> ASSIGNED TASK: An exact copy of all the data below is needed, without its pictures.

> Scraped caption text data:

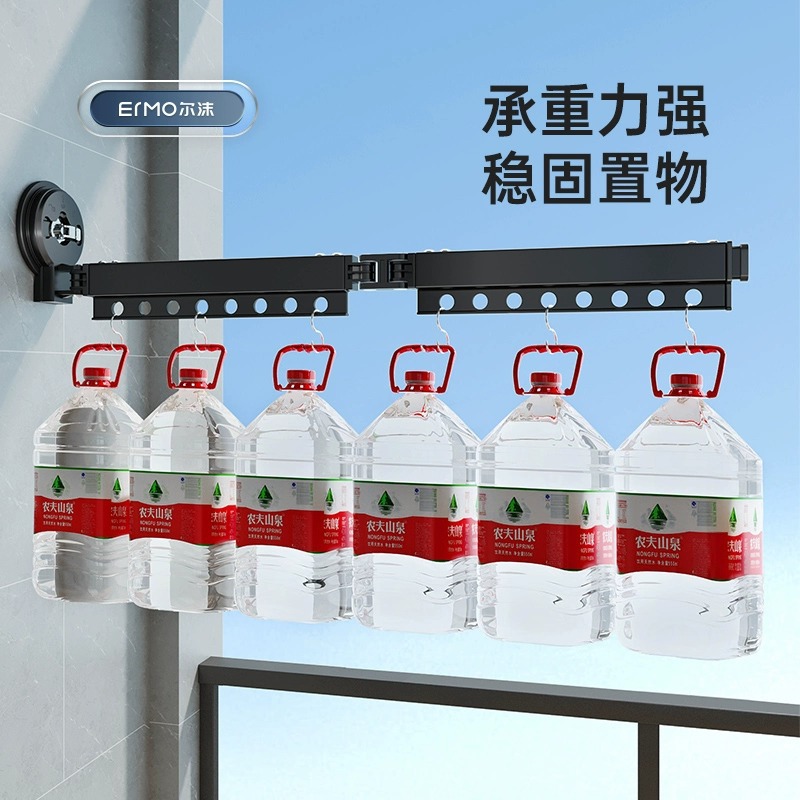 Ventosa plegable percha de ropa interior hogar balcón ventana ponche-ropa gratis Polo ropa retráctil invisible polo al por mayor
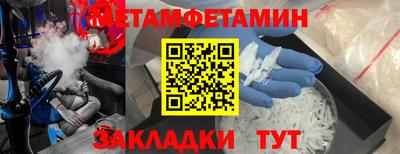 СК Ипатово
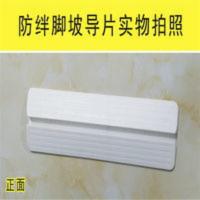 宠物狗围栏室内小中大型犬栅栏防绊脚坡导片婴儿童安全门护栏踏板 宠物狗围栏室内小中大型犬栅栏防绊脚坡导片婴儿童安全门护栏踏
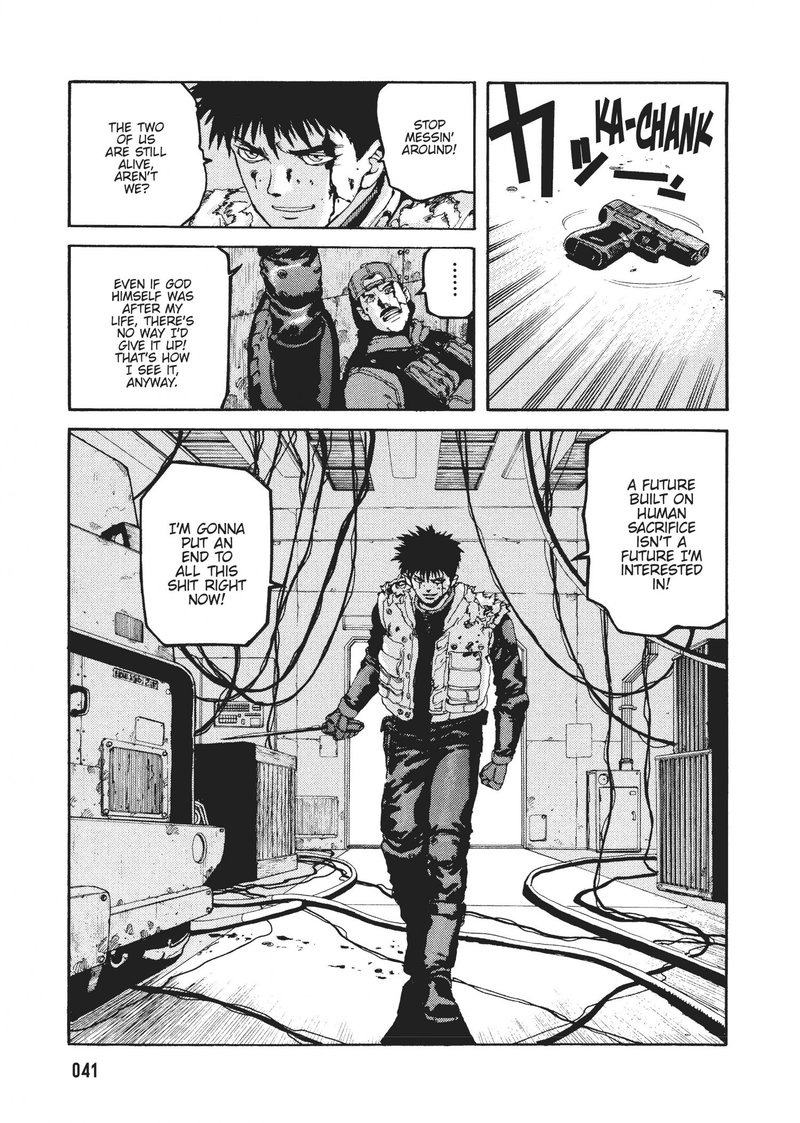 spriggan_38_27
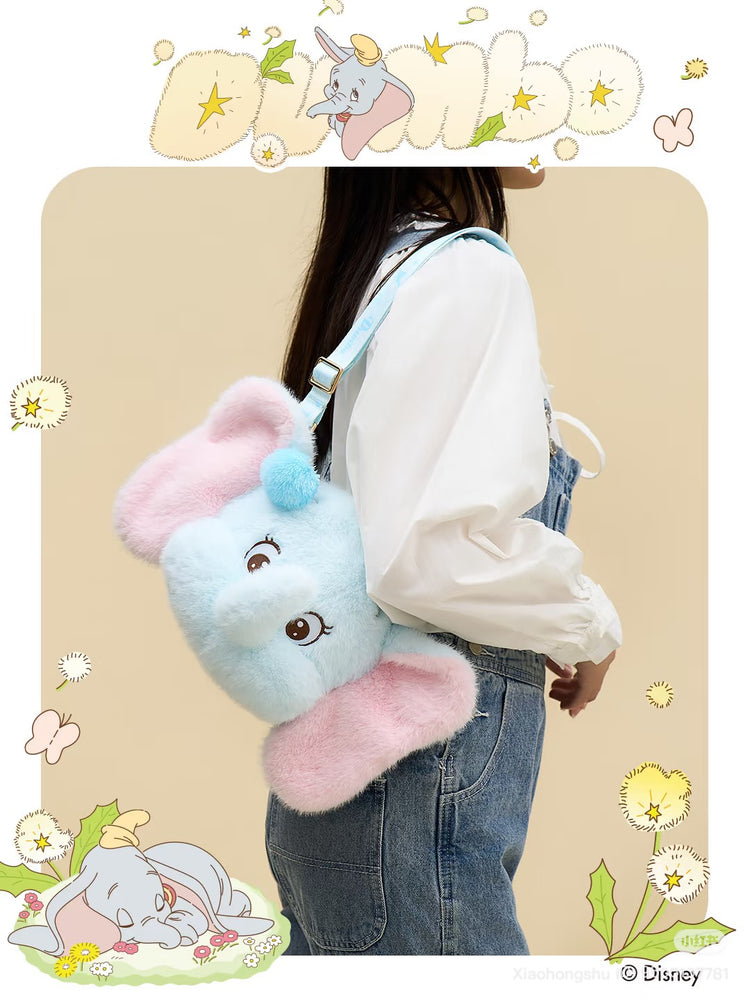 China Exclusive- Fluffy Big Face Dumbo 2 Ways Bag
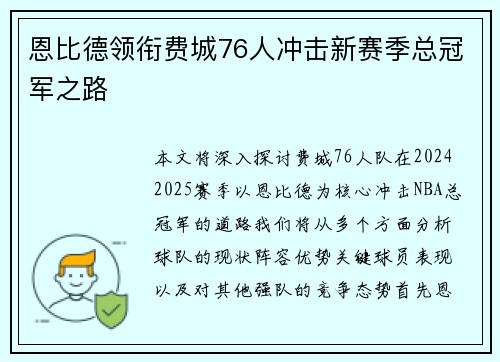 恩比德领衔费城76人冲击新赛季总冠军之路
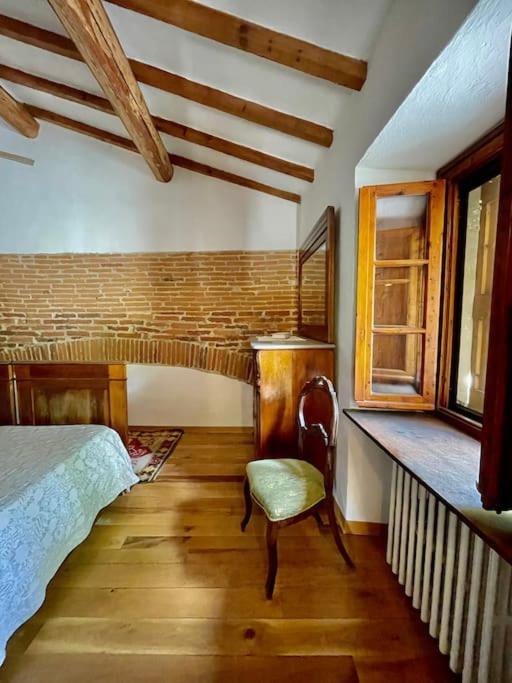 Il Colle - Pino Apartment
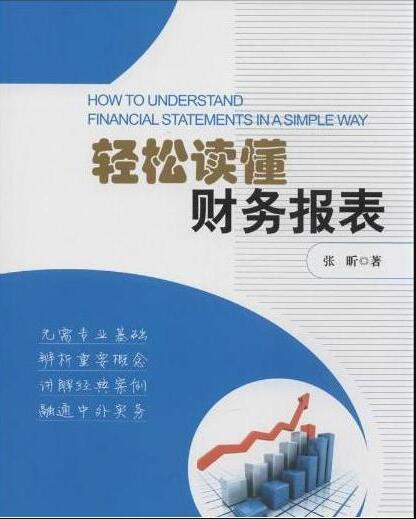 《轻松读懂财务报表》电子书PDF格式资源网盘下载地址分享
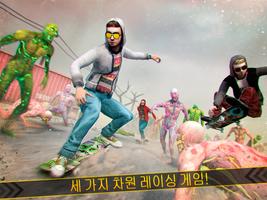 스케이트 보드 좀비 달리기  탈출 - 재미있는 게임 스크린샷 3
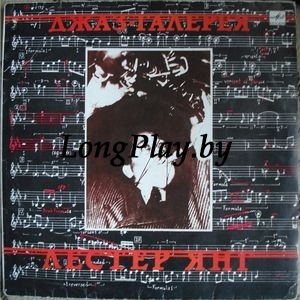 Lester Young - Джаз-Галерея ++
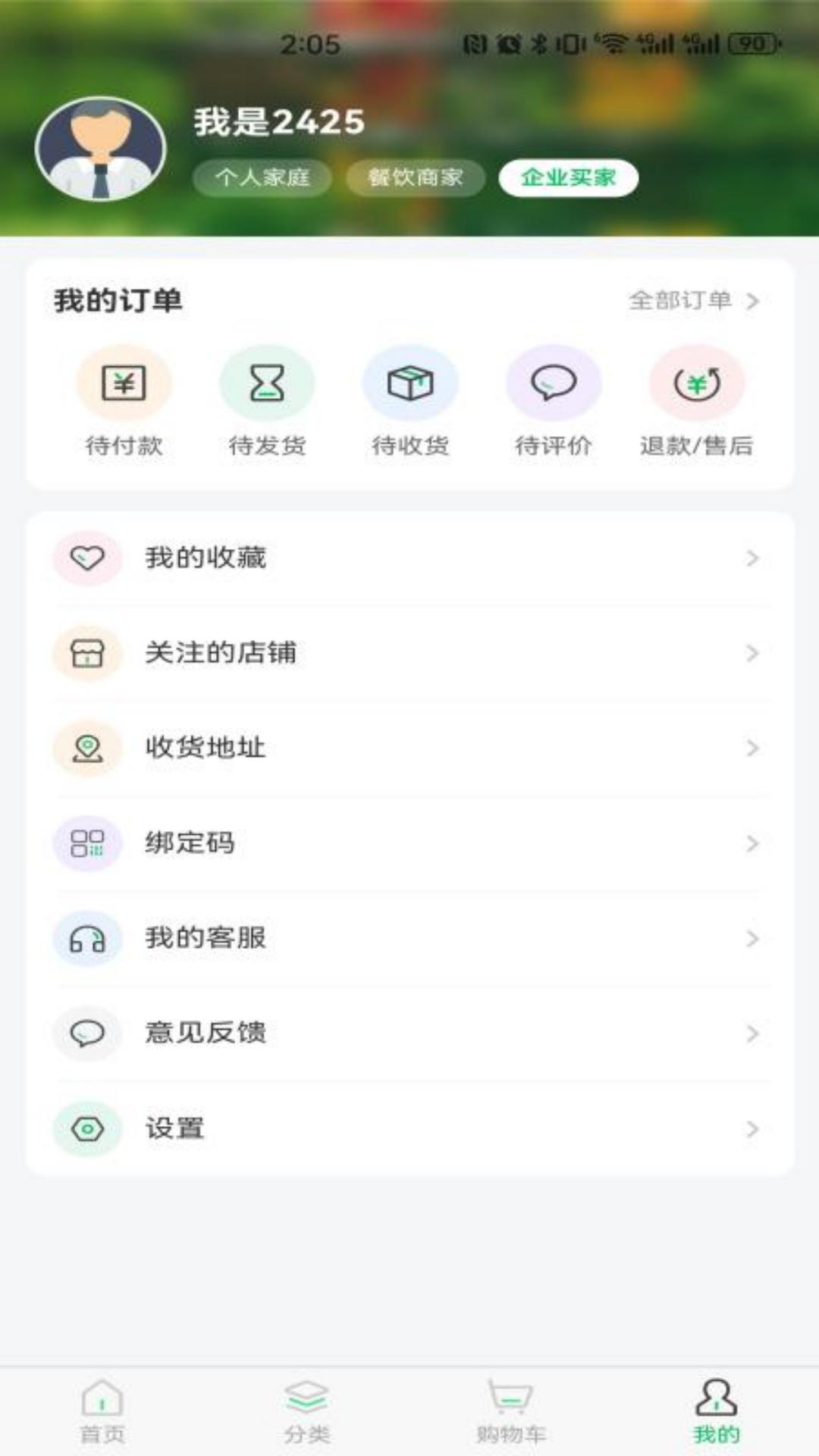 饭点儿 截图 4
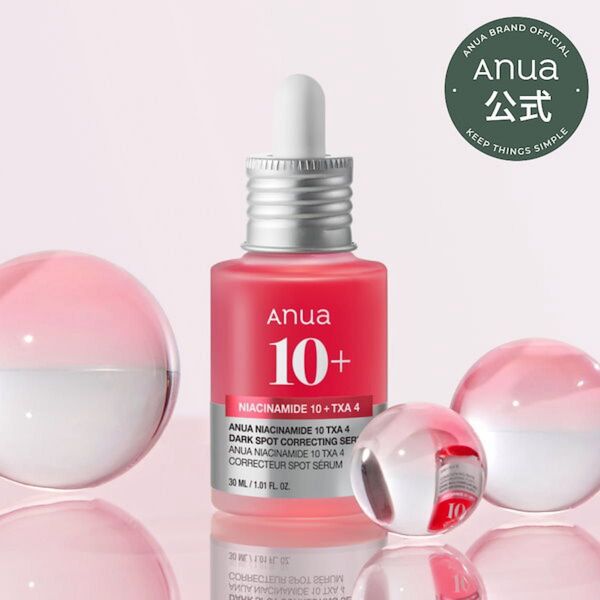 新品★ アヌア ダークスポットセラム (ナイアシンアミド10%, トラネキサム酸 4%) 30ml アヌア 美容液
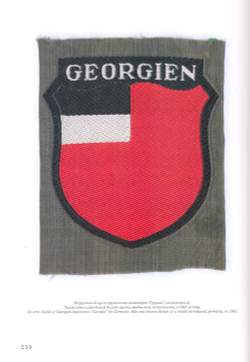 Ульянов В. Предатели. Облик. М., Русфронт, 2008г.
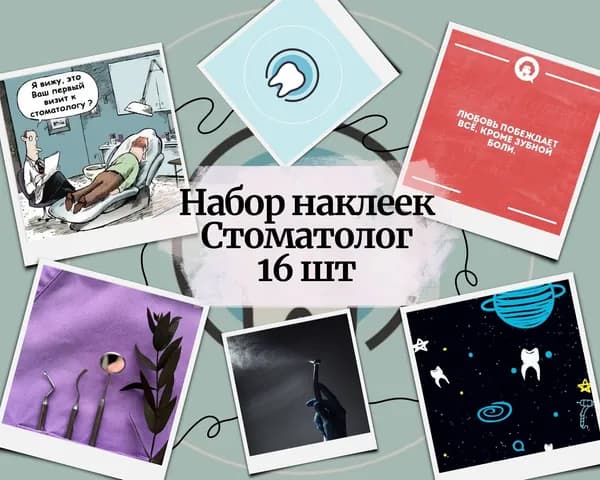 Набор наклеек стикеров "Профессия Стоматолог" 16 штук 4,5 x 6,5 см для телефона, ежедневника, ноутбука
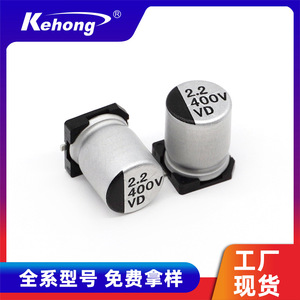 Aluminum Electrolytic <b>Capacitors</b> 2.2UF 400V 8x10.5mm SMD High Frequency Communication Use - Product Image 5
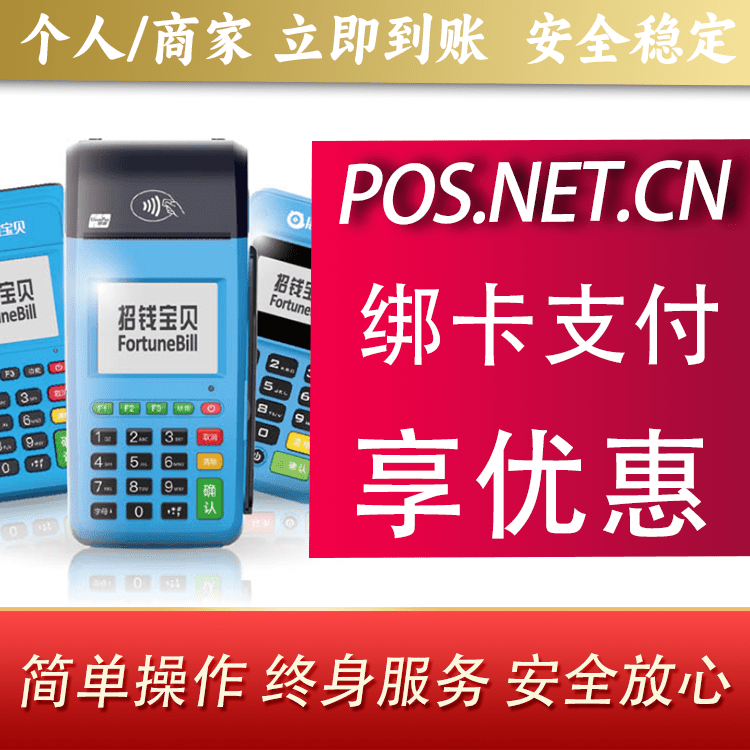阳江钱大宝POS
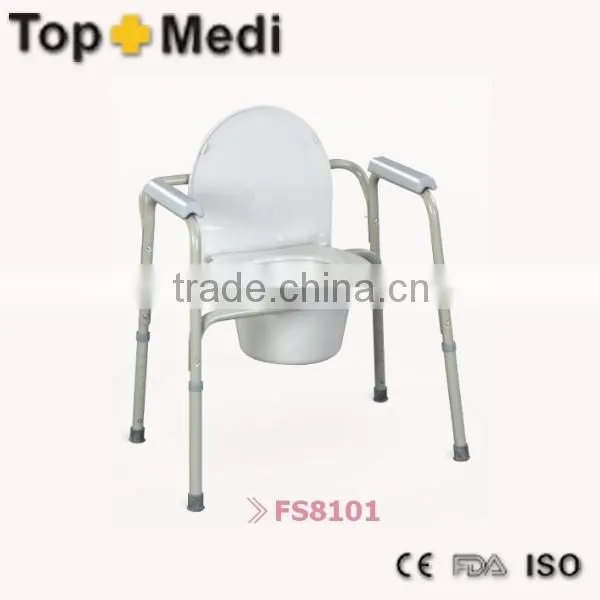 Rehabilitation Therapy Supplies Topmedi economic commode chair
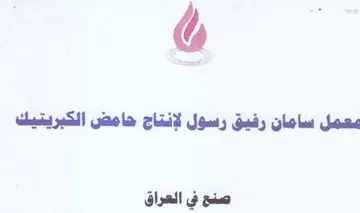 معمل سامان رفيق رسول لإنتاج حامض الكبريتي trademark logo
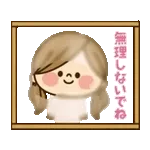 動く！かわいい主婦の1日【冬編2】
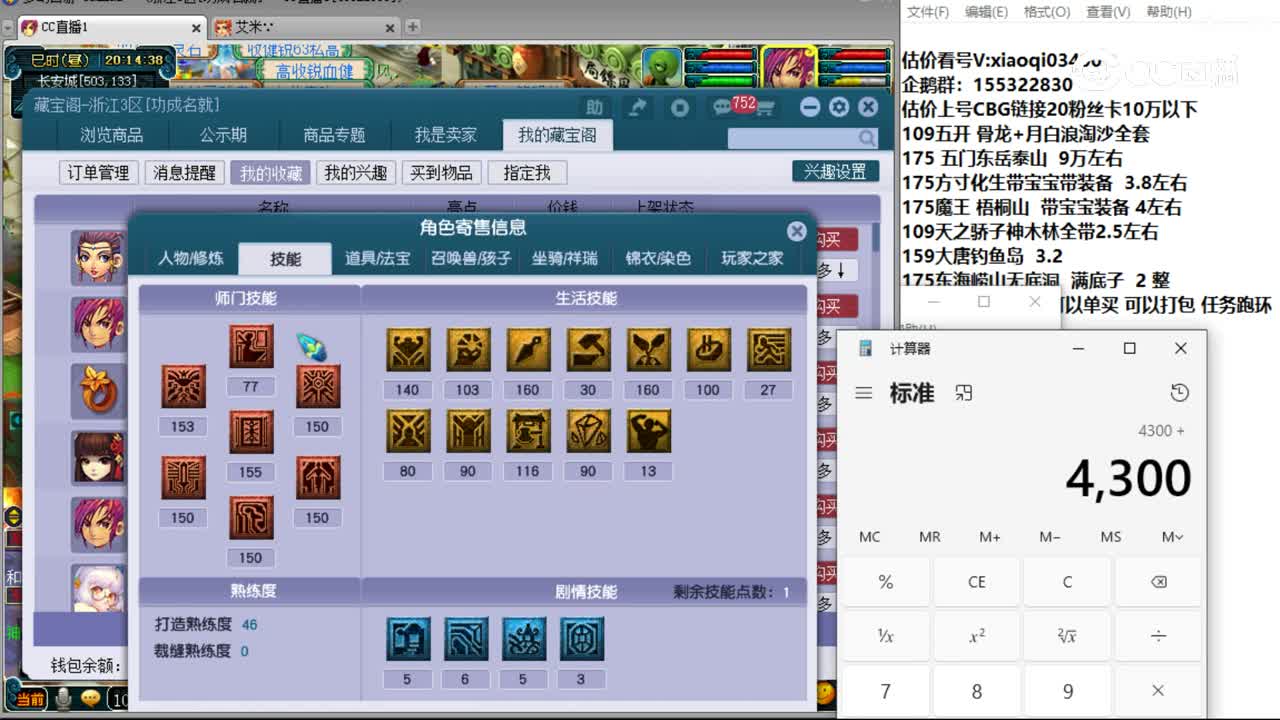 【主播点评】女儿村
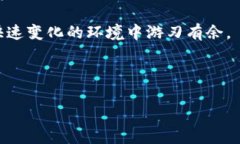 区块链交易中的“in”通常
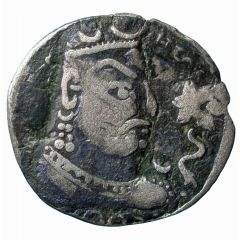Drachm - Khingila type 94, unknown mint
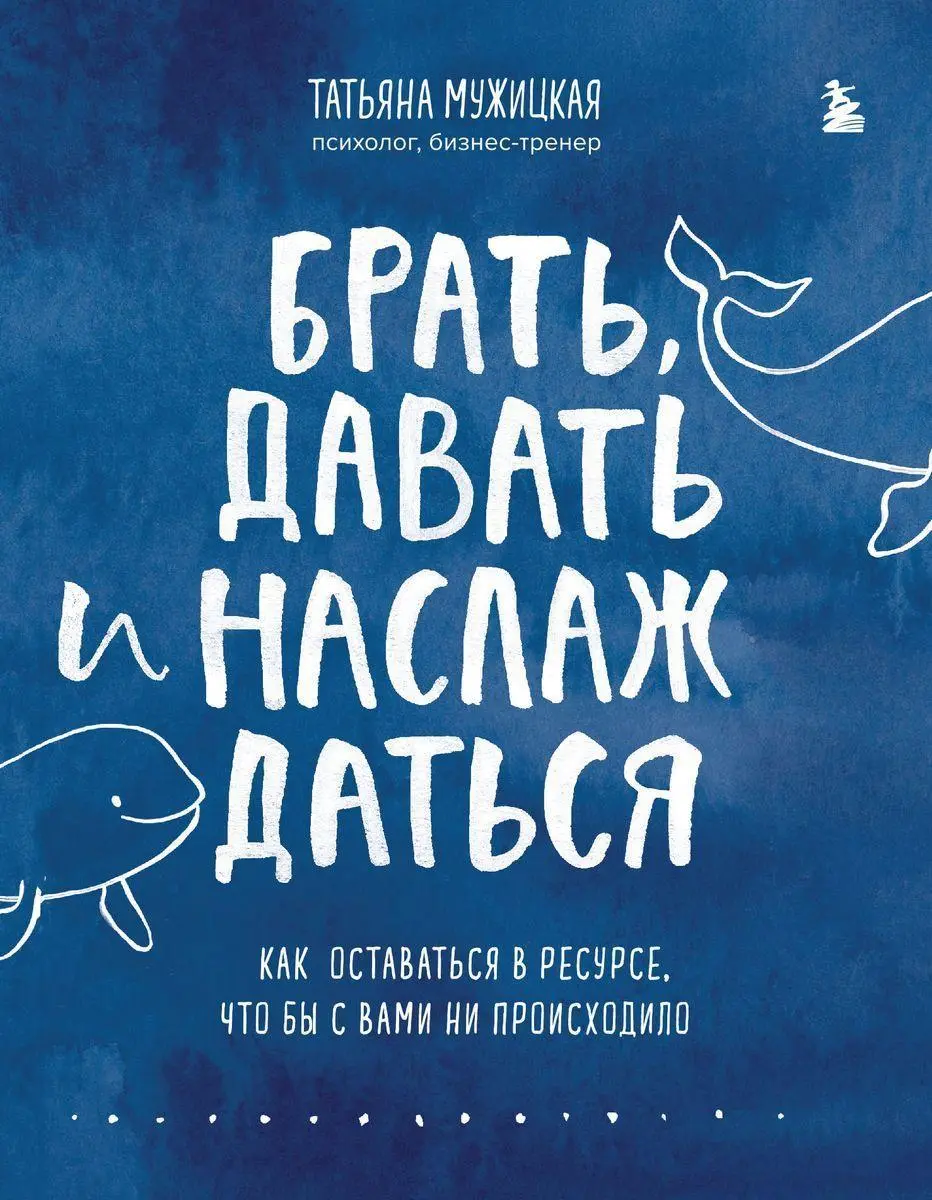 Cover: 9785041194031 | Brat', davat' i naslazhdat'sja. Kak ostavat'sja v resurse, chto by...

> OUTPUT OF THE EXERCISE:
 Ventosa plegable percha de ropa interior hogar balcón ventana ponche-ropa gratis Polo ropa retráctil invisible polo al por mayor
 СК Ипатово
 宠物狗围栏室内小中大型犬栅栏防绊脚坡导片婴儿童安全门护栏踏板 宠物狗围栏室内小中大型犬栅栏防绊脚坡导片婴儿童安全门护栏踏
 spriggan_38_27
 China Exclusive- Fluffy Big Face Dumbo 2 Ways Bag
 恩比德领衔费城76人冲击新赛季总冠军之路
 Il Colle - Pino Apartment
 《轻松读懂财务报表》电子书PDF格式资源网盘下载地址分享
 스케이트 보드 좀비 달리기  탈출 - 재미있는 게임 스크린샷 3
 Lester Young - Джаз-Галерея ++
 饭点儿 截图 4
 新品★ アヌア ダークスポットセラム (ナイアシンアミド10%, トラネキサム酸 4%) 30ml アヌア 美容液
 Ульянов В. Предатели. Облик. М., Русфронт, 2008г.
 Набор наклеек стикеров "Профессия Стоматолог" 16 штук 4,5 x 6,5 см для телефона, ежедневника, ноутбука
 Aluminum Electrolytic <b>Capacitors</b> 2.2UF 400V 8x10.5mm SMD High Frequency Communication Use - Product Image 5
阳江钱大宝POS
 Rehabilitation Therapy Supplies Topmedi economic commode chair
 معمل سامان رفيق رسول لإنتاج حامض الكبريتي trademark logo
 動く！かわいい主婦の1日【冬編2】
 【主播点评】女儿村
 区块链交易中的“in”通常
Drachm - Khingila type 94, unknown mint
 Cover: 9785041194031 | Brat', davat' i naslazhdat'sja. Kak ostavat'sja v resurse, chto by...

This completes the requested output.